With the pictures omitted, repeat exactly the lines below starting with the line that has "Titan, sector 3, Piata Minis, 1 Decembrie" and going on through the line that has "Basic Triple Room".
━━━ SOURCE RECORDS
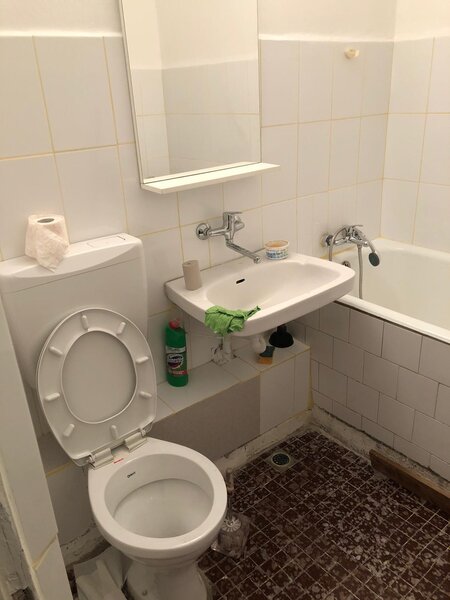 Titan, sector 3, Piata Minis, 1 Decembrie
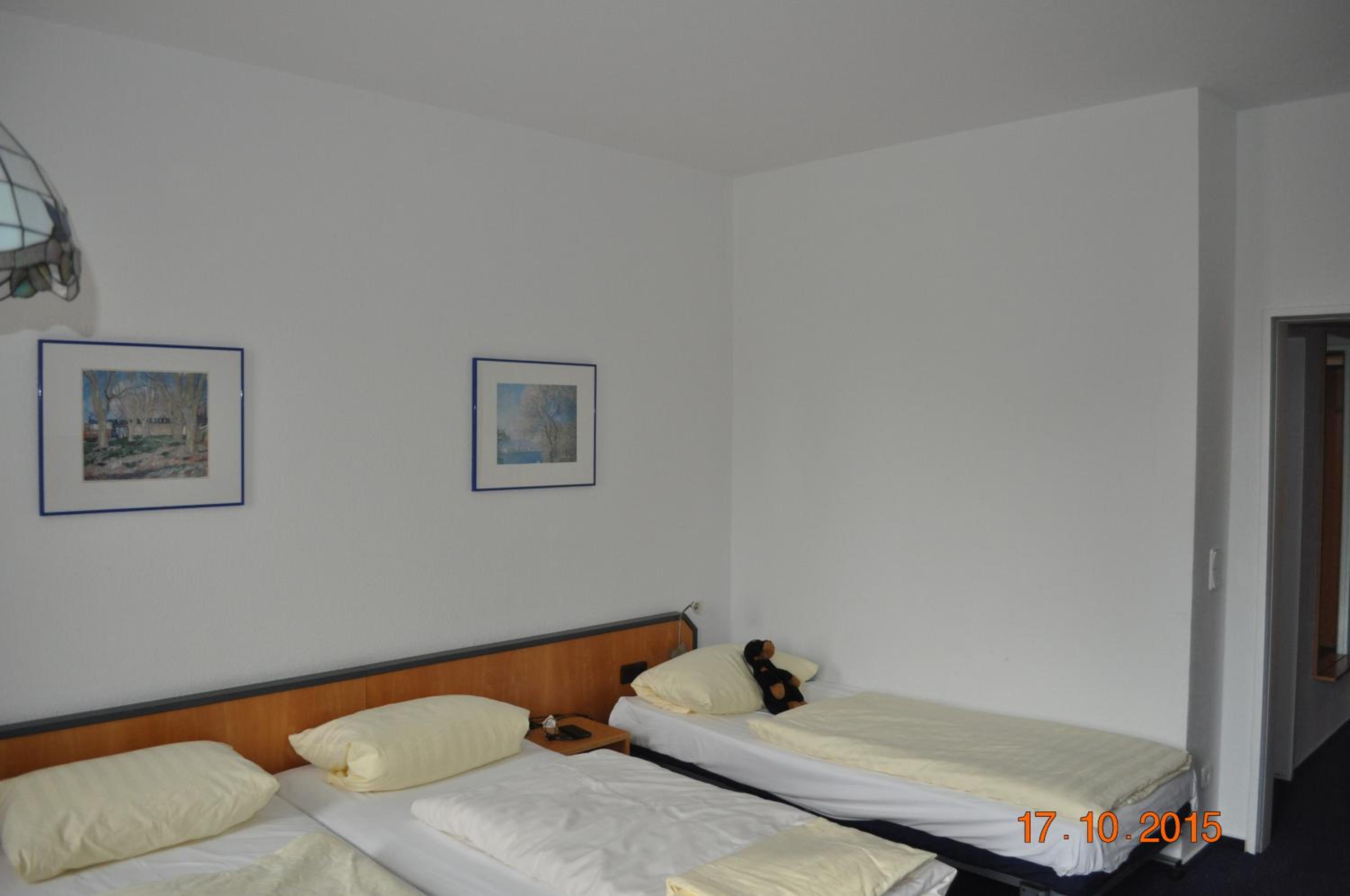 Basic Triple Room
━━━━━━
━━━ SOURCE RECORDS
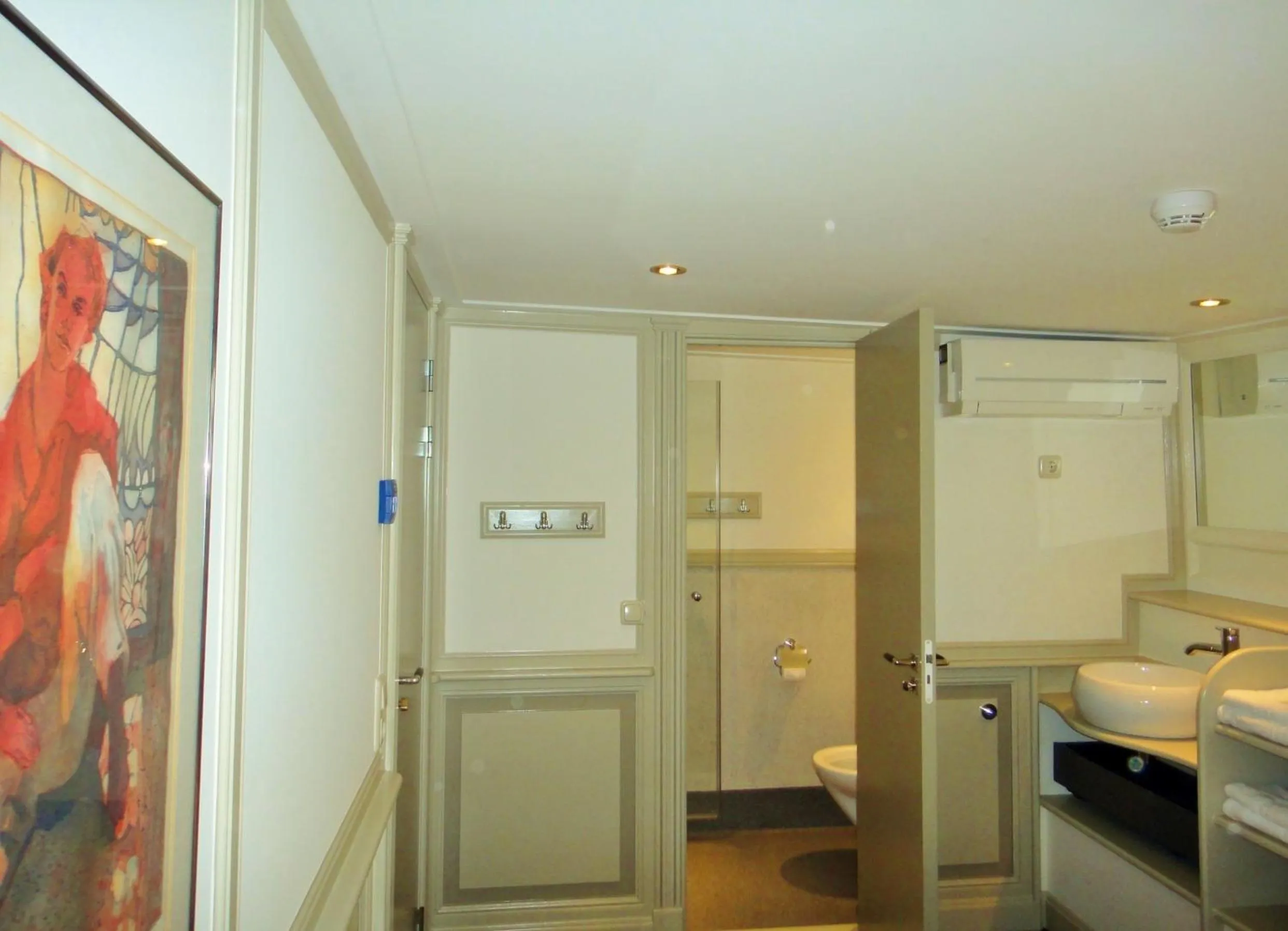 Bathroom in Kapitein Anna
━━━━━━
COMPLETED TASK:
 Titan, sector 3, Piata Minis, 1 Decembrie
 Basic Triple Room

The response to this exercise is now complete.